Ilustrasi lokasi pertambangan emas, tembaga, nikel, batu bara, dan mineral lain / Dok. Archi Indonesia
Energi

Pembatasan Izin Pembangunan Smelter Nikel Kelas II Dinilai Langkah Tepat

  • Langkah pemerintah untuk membatasi izin pembangunan pabrik pemurnian mineral atas smelter nikel kelas 2 dinilai adalah keputusan yang tepat.

Energi

Debrinata Rizky

JAKARTA - Langkah pemerintah untuk membatasi izin pembangunan pabrik pemurnian mineral atas smelter nikel kelas 2 dinilai adalah keputusan yang tepat.

Dewan Penasihat Asosiasi Prometindo Arif S Tiammar mengungkapkan, langkah Kementerian ESDM yang akan memoratorium pembangunan smelter untuk nikel kelas II, baik untuk membatasi produksi yang berlebihan.

"Sejujurnya saya sendiri sangat mendukung dengan upaya untuk membatasi pembangunan feronikel atau pembangunan proyek yang berbasiskan ferometalurgi yang mengkonsumsi biji nikel saprolite menjadi FeNi ataupun NPI ataupun mate.
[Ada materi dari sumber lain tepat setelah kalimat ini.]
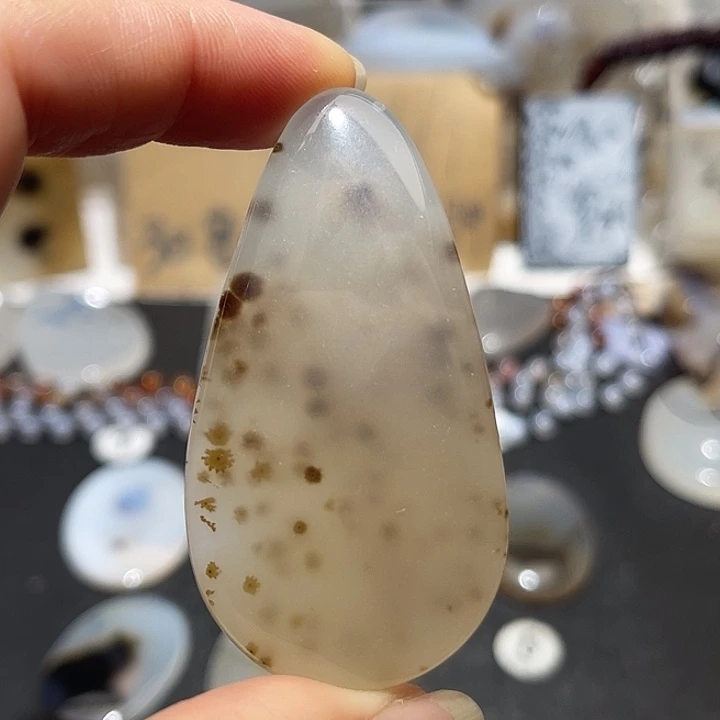 玛瑙/玉髓未镶嵌吊坠(不含链)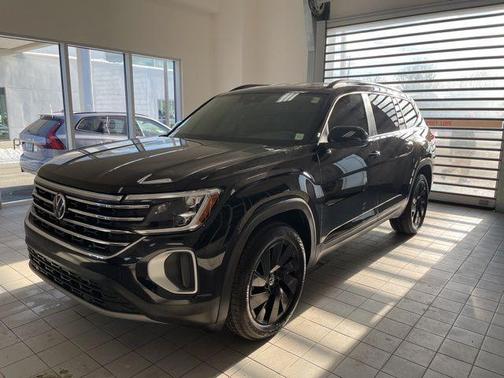 2025 Volkswagen Atlas 2.0T SE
Sekalipun kita memiliki cadangan yang sangat besar di sisi hydrometalurgi yang bersumberkan dari nikel limonite atau nikel yang kadar rendah," ujar Arif dilansir pada 19 Oktober 2023.

 

Tambahan informasi, untuk nikel berkadar rendah disebut dengan limonite sedangkan untuk nikel berkadar tinggi disebut saprolite.

Arif mengungkapkan alasan nya mengapa Pemerintah perlu melakukan pembatasan izin pembangunan smelter nikel kelas 2. Pertama untuk membatasi kapasitas produksi yang berlebihan dan menempatkan Indonesia menjadi produsen NPI terbesar di dunia.

Pasalnya, kapasitas produksi saat ini dinilai besar, bahkan jumlahnya berdasarkan data tahun 2022 sebesar 9 juta ton NPI (nikel pig iron) dengan kandungan nikel 1,1 juta ton per tahun. Hal ini menempatkan Indonesa sebagai produsan NPI terbesar dunia.

Alasan kedua, ketahanan cadangan yang dimiliki dan ketiga supply demand yang berdampak pada harga pasar NPI dunia. Jika melihat harga NP atau FeNi sendiri sekarang ini sangat rendah dibandingkan dua tahun depan karena jumlah NPI yang ada luar biasa berlimpah sehingga menyebabkan harga dari NPI itu turun.

Sehingga upaya moratorium harus segera didorong oleh pemerintah dalam waktu dekat untuk melindungi supply dan deman biji nikel itu sendiri di dalam negeri.

Melansir laman Kementerian ESDM, saat ini, terdapat 25 smelter yang sedang tahap konstruksi membutuhkan pasokan nikel sebanyak 75 juta ton per tahun. Sedangkan untuk arah proses baterai hydrometalurgi ada 6 smelter yang sedang konstruksi dengan kebutuhan biji 34 juta ton per tahun.

Pada tahap perencanaan ke arah pyrometalurgi, terdapat 28 smelter dan 10 smelter untuk hydrometalurgi dengan kebutuhan masing-masing 130 juta ton per tahun dan 54 juta ton per tahun.

Jika dirinci lebih lanjut, total smelter yang ada sampai dengan saat ini, belum lagi yang terbaru itu ada 116 smelter yang terdiri dari 97 smelter pyrometalurgi dan 19 smelter ke arah hydrometalurgi.